C’est au contact de la langue et du palais que le cognac révèle son identité. Ses arômes savants, qui participent à l’apparition du bouquet se combinent avec sa saveur pour donner le goût par la voie rétro-nasale et gustative. Le consommateur perçoit dès ce moment tout ce qui fait la personnalité du produit : rondeur, moelleux, onctuosité, finesse, légèreté, fierté, rancio, harmonie… autant de sensations qui permettent de reconnaitre et d’apprécier son cognac préféré.
Si l’amateur déguste le cognac pour son plaisir, les professionnels utilisent également la dégustation comme outil de travail.
En effet, elle constitue, en complément des analyses chimiques, la méthode la plus fiable pour sélectionner, apprécier et proposer aux consommateurs des produits à la qualité irréprochable. Il s’agira donc, grâce à cet examen sensoriel, de contrôler les différents stades de la distillation, de suivre l’évolution du vieillissement, ou encore de réaliser les assemblages nécessaires à l’élaboration du cognac et, enfin, d’apprécier les caractéristiques du produit final.
Nature, en long drink ou en cocktail, découvrez les différentes facettes du cognac…
A la fin d’un repas, vous éprouvez le besoin de prolonger un moment privilégié.
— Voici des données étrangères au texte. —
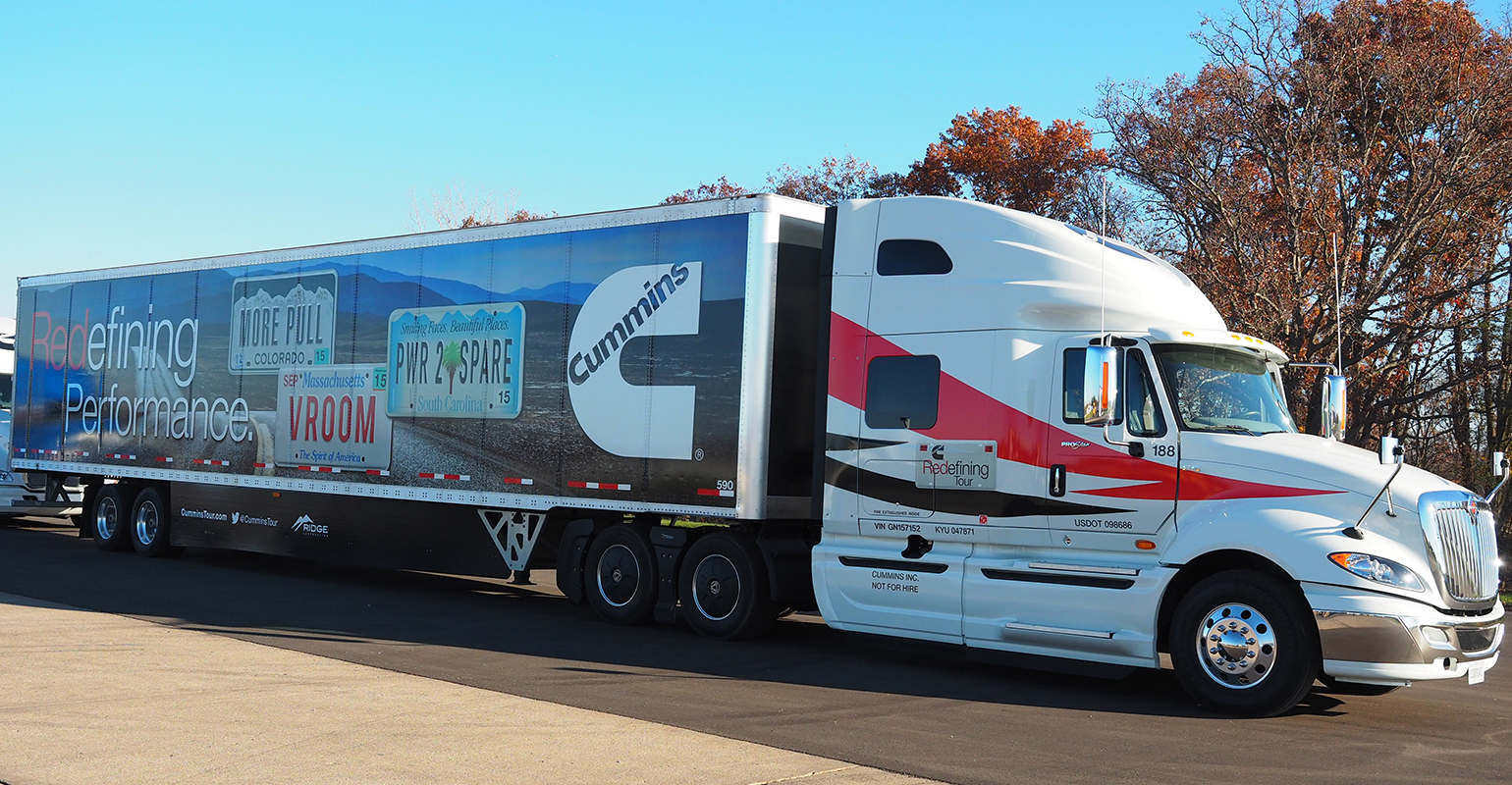 This International ProStar at Eaton Proving Grounds Wednesday Nov 4 had as its underhood motivation one of the upcoming 2017 Cummins ISX15 diesels part of an integrated CumminsEaton SmartAdvantage smallstep overdrive powertrain Photo by Aaron Marsh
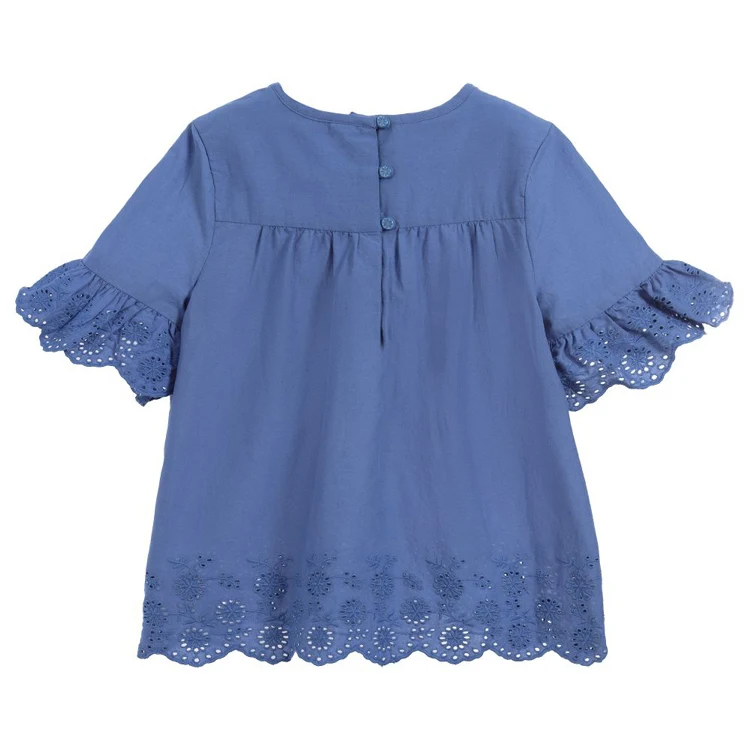 Blue color blank t-shirt flounce lace short sleeve girl's t-shirts custom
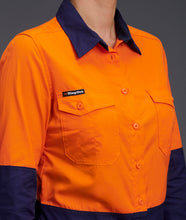 Load image into Gallery viewer, KingGee Women&#39;s Workcool 2 Hi Vis Spliced Long Sleeve Shirt - Orange/Navy - Shirts
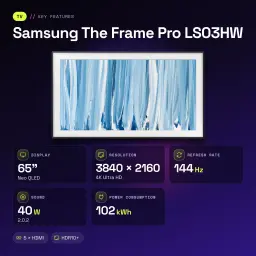 TV Samsung The Frame Pro LS03HW 65 pouces 144Hz Neo QLED 4K Noir - caractéristiques, 165,1 cm (65")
Appréciez alors à sa grande valeur, un cognac servi seul dans un verre “tulipe” ou “ballon” et prenez votre temps pour découvrir la richesse de son arôme et ses subtiles saveurs.
Le cognac peut également vous surprendre. En effet, marié harmonieusement avec du jus de raison pétillant, de l’eau pétillante ou du tonic, il vous désaltèrera, à l’occasion, par exemple, d’un apéritif entre amis. Ces nouveaux modes de dégustation sont déjà mondialement appréciés notamment aux États-Unis et en Asie, continent où le cognac peut être, le même jour, le long drink apaisant d’un après-midi d’été et la boisson principale d’un repas raffiné.
La richesse du cognac en saveurs et en arômes permet d’en tirer plaisir dans de nombreuses circonstances car il peut apporter une note inimitable à toute sorte de plats.
Il y a naturellement tout ce que l’on peut flamber au cognac, comme par exemple le homard, les noix de Saint-Jacques ou les gambas. Aussi, quelques gouttes de cognac peuvent délicatement transformer une sauce simplement excellente en parfaitement sublime.
Il y a des plats plus traditionnels comme l’agneau, le magret de canard ou le saumon auxquels une subtile note de cognac enrichira chaque met d’une touche fine et raffinée.
Et puis il y le cognac et les desserts, un mariage qui selon les goûts, sera plutôt classique avec les truffes au chocolat, les bavarois, ou au contraire, plus osées avec par exemple le pain d’épices.
Avec le cognac, ce sont à la fois l’esprit et le palais qui s’ouvrent vers de nouvelles sensations, des saveurs uniques.